Flow Balancing Twin Carburetors For Performance & Driveability
By Gerry Burger – Photography By the Author
Part of the allure of traditional hot rodding lies in its utter simplicity. As my latest project takes to the road, it is time to deal with those pesky little details that make such a big difference. My 1936 Ford Phaeton is pure vintage hot rodding. Super Bell I-beam up front, split bones, with a 9-inch rear end on parallel leaves out back. Under the hood is a vintage 1947 59AB Flathead built with Sharp heads and intake sourced from the Flattie gurus at H&H Flathead. We even stayed with a 12V generator from a 1956 Ford mounted directly in front of a pair of Stromberg carburetors. The motor was built here in my home shop using ARP bolts. The Stromberg electronic ignition fired the Flat motor to life on the first try … ah life is good.

Coupled to a T5 transmission we did a bit of local motoring; the occasional tailpipe popping made it clear the engine would need a bit of tuning. We returned home and allowed the motor to cool. One of the many joys of a Flathead engine is the spark plug access.
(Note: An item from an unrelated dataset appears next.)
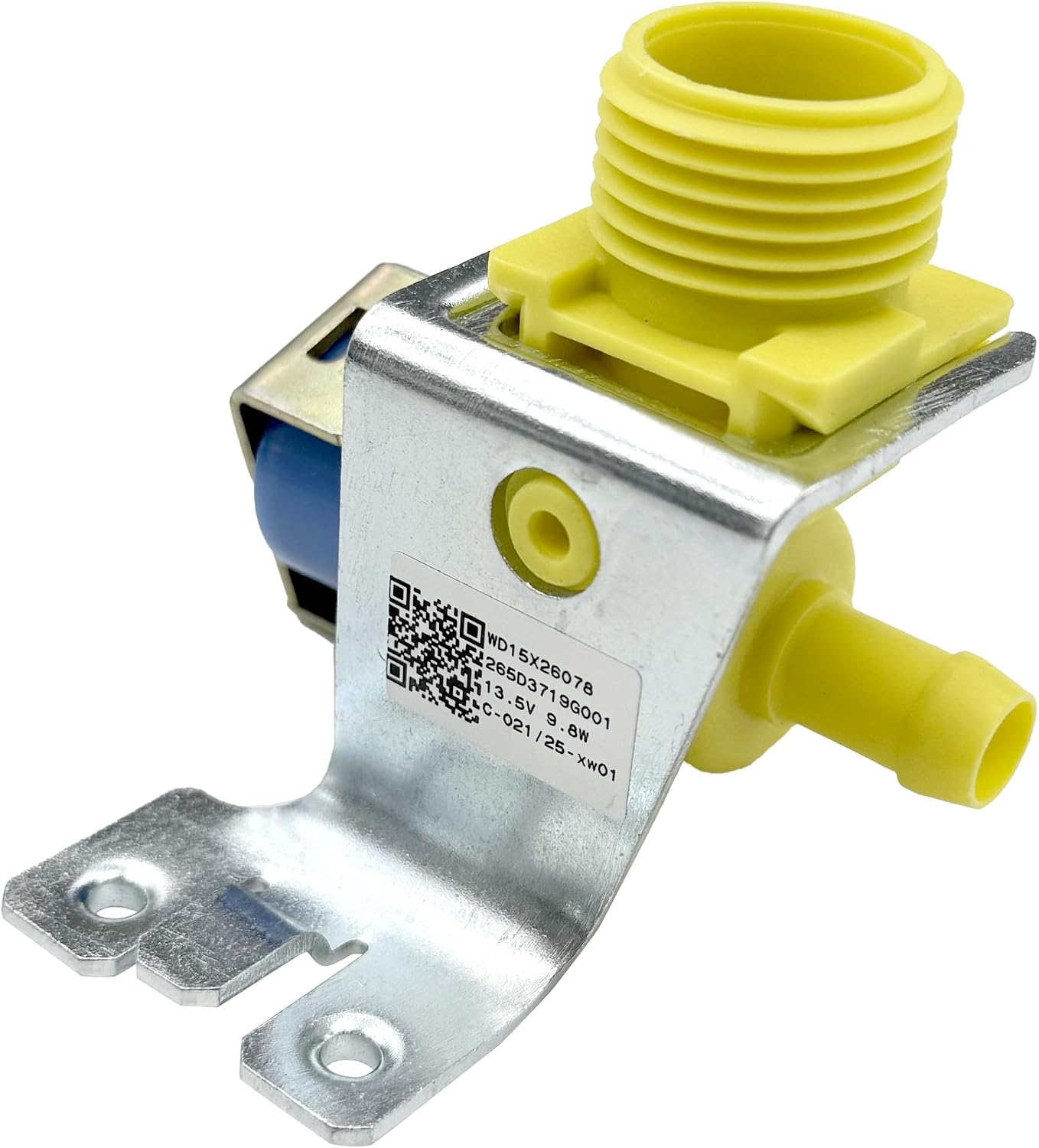 Upgrade WD15X26078 Water Inlet Valve Replacement for GE dishwasher water inlet valve, Replaces AP6986683 PS16217027 EAP16217027 4959029 Fit for GE GDP665SYN2FS GDP665SYN2FS PDT715SMN2ES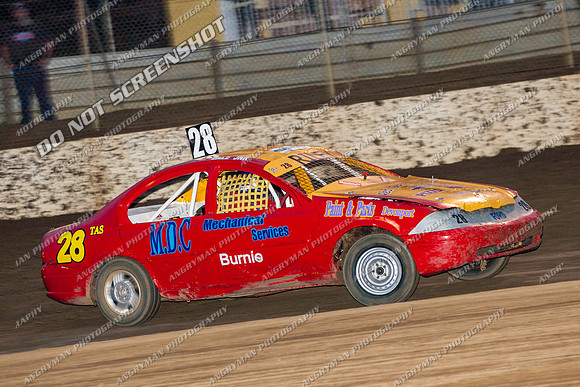 street stock 28 - 19 - Hobart- 26th Jan 2013 - NSSS & Grand National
Working on a cool motor, we pulled the plugs to discover the engine was running “rich” or “fat,” or whatever your favorite term for too much fuel and not enough air might be. Since we were running two brand-new Stromberg carbs, we decided to read the informative instruction booklet; it’s amazing what you find in a manufacturer’s instruction sheet. Before proceeding with the fine-tuning, the engine must be free of vacuum leaks and ignition problems, and the idle should be set at the desired rpm.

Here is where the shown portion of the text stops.